We should feel for feckless Fergie

The Duchess of York is back in the news and back in trouble. Despite the humiliation of the cash-for

For those of you who have not had the time or inclination to catch up, Sarah Ferguson was filmed by the News of the World on 18 May offering a fake businessman access to Prince Andrew, who is a UK "trade envoy", for half a million quid. Oh Sarah, Sarah, the first rule of public life: don't trust Arab businessmen who wine you and offer you cash for indiscretions! In a hotel room! Where cameras can be hidden! Didn't the royal family teach you anything?

Didn't the royal family give you anything? For somebody who married royalty, Ferguson has been strangely socially immobile. She never quite looked the royal part, and now, if her extraordinary account of her finances is to be believed, she is living in a friend's house, off an income of £15,000 a year - a financial position that places her, according to the excellent report by the National Equality Panel in January this year, in the wealth category of an unemployed 16-to-24-year-old. Admittedly, the "friend" is the Duke of York, and her income some type of divorce payment rather than a benefits cheque, but in financial terms, the two are on a par. Except for that access.

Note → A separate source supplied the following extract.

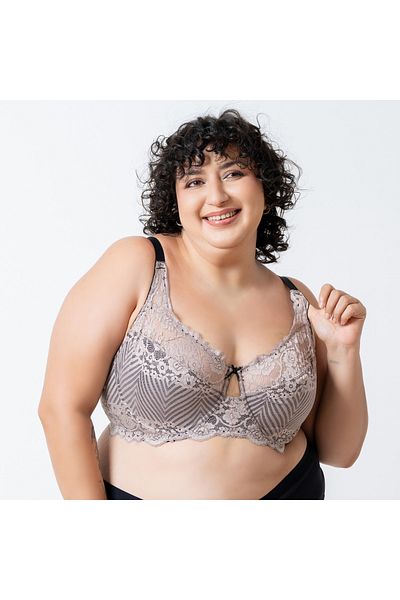 Aadaraya Laced Bra with Hook and Eye Closure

The film is toe-curlingly awful, from the moment the duchess's eyes blink in excitement when $40,000 in cash is placed in front of her
to her admissions about her own financial circumstances - "I absolutely have not a pot to piss in" - and the naivety of the faux-businesslike conversation:

Sarah: And he [Andrew] says, "Let's play, we'll play" - as long as it's nothing to do with him . . . But you will be his friend. I will listen to the friendship talk between you two. And then I do it.
Reporter: OK.
Sarah: You two talk.
Reporter: Right.
Sarah: I listen.
Reporter: OK.
Sarah: Then I activate . . .

Starved out

This is not a monster, it's a child. And it's a child the royal family should have done more to protect. Instead, in 1996, they turfed her out with an income of £15,000 a year and permission to stay on in the matrimonial home. This is the mother of two children who are expected to be raised as princesses - just how did they expect her to do that on £15,000 a year? So the Duchess of York has been living off her children's trust funds: "My children pay for me." How humiliating, how awful. Presumably, now that the children have grown up, she doesn't officially have any entitlement to a safe place to live. Because Sarah Ferguson did what so many emotionally beaten-up, unequal, frightened wives do: she didn't play hard enough on the divorce.

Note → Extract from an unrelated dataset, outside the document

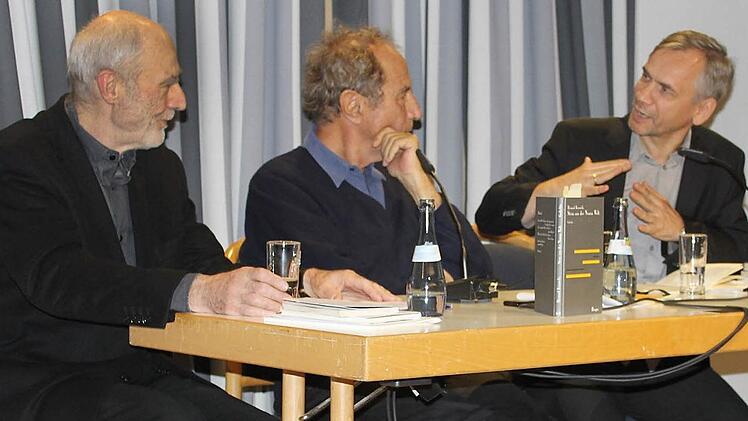Schreibende Denker beim intensiven Meinungsaustausch (von links): Ryszard Krynicki, Michael Krüger und Lutz Seiler Foto: Markus Häggberg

Unlike Diana, who reportedly forced Prince Charles to sell his things and borrow from the Queen to meet her £17m divorce settlement, Sarah walked off with nothing because she wanted to remain on civil terms with the royal family. Well, not quite nothing: she walked off with two children she had to raise under the scrutiny of the world, amid the hostility of the media and most of the public, and with that royal tag hanging around her neck. Don't tell me she could have walked away from it; her children are fifth and sixth in line to the throne.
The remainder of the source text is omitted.